Seventy-two hours before America was set to elect its next president, ISIS barged into the debate, breaking what had been a protracted and somewhat surprising electoral silence for its propagandists.
Throughout the last year, the U.S. presidential race had been the elephant in the ISIS media room; for one reason or another, Abu Bakr al-Baghdadi’s propaganda moguls neglected to address it. Montages of “Crusader leaders” staking bombastic rhetorical claims are a favorite trope for the ISIS media operative, so it seemed that talk by the U.S. presidential candidates of things like “carpet-bombing” ISIS or “[taking] out their families” might provide valuable programming for their propaganda. Yet, besides one fleeting reference to the catalyzing role the “presidential electoral campaign in America” played in the run-up to the operation to retake the group’s Iraqi stronghold of Mosul, not once did the group deign to tackle the issue directly.

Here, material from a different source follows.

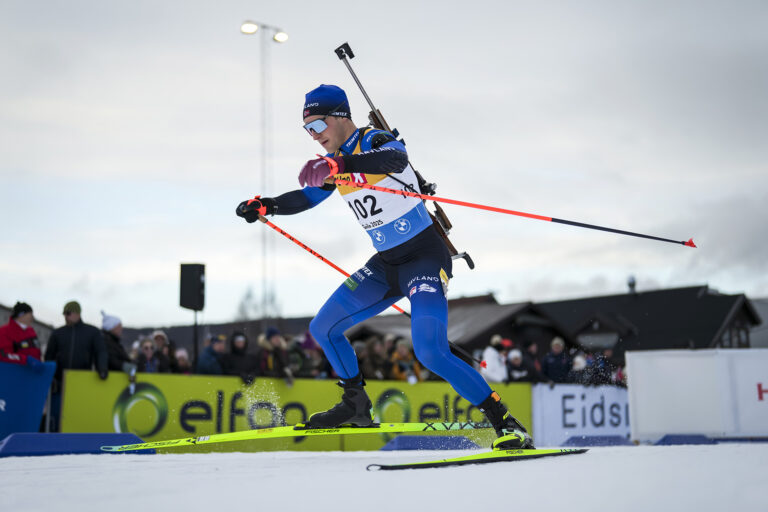 Kjempet om verdenscup – NM-vinneren slakter egen innsats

That is, until Saturday, when one of the Islamic State’s official propaganda arms, the Al Hayat Media Center, released a seven-page essay on “The Murtadd Vote” (“murtadd” meaning “apostate”). Even this, the group’s first election-focused media product, opted to sidestep the considerable propaganda value presented by the current campaign, instead offering up an ISIS twist on electoral advice. Written in dense but fluent English, it marked a departure from the group’s normal media operations, in that it ostensibly targeted a group to whom it rarely pays any attention—American Muslims. The aim was to try to convince them not to vote. There is, perhaps, some irony to the group’s intervention in an electoral process it considers illegitimate, even to urge abstention. The image of theocratic fundamentalists making a pitch to voters on the eve of a democratic election is an incongruous spectacle.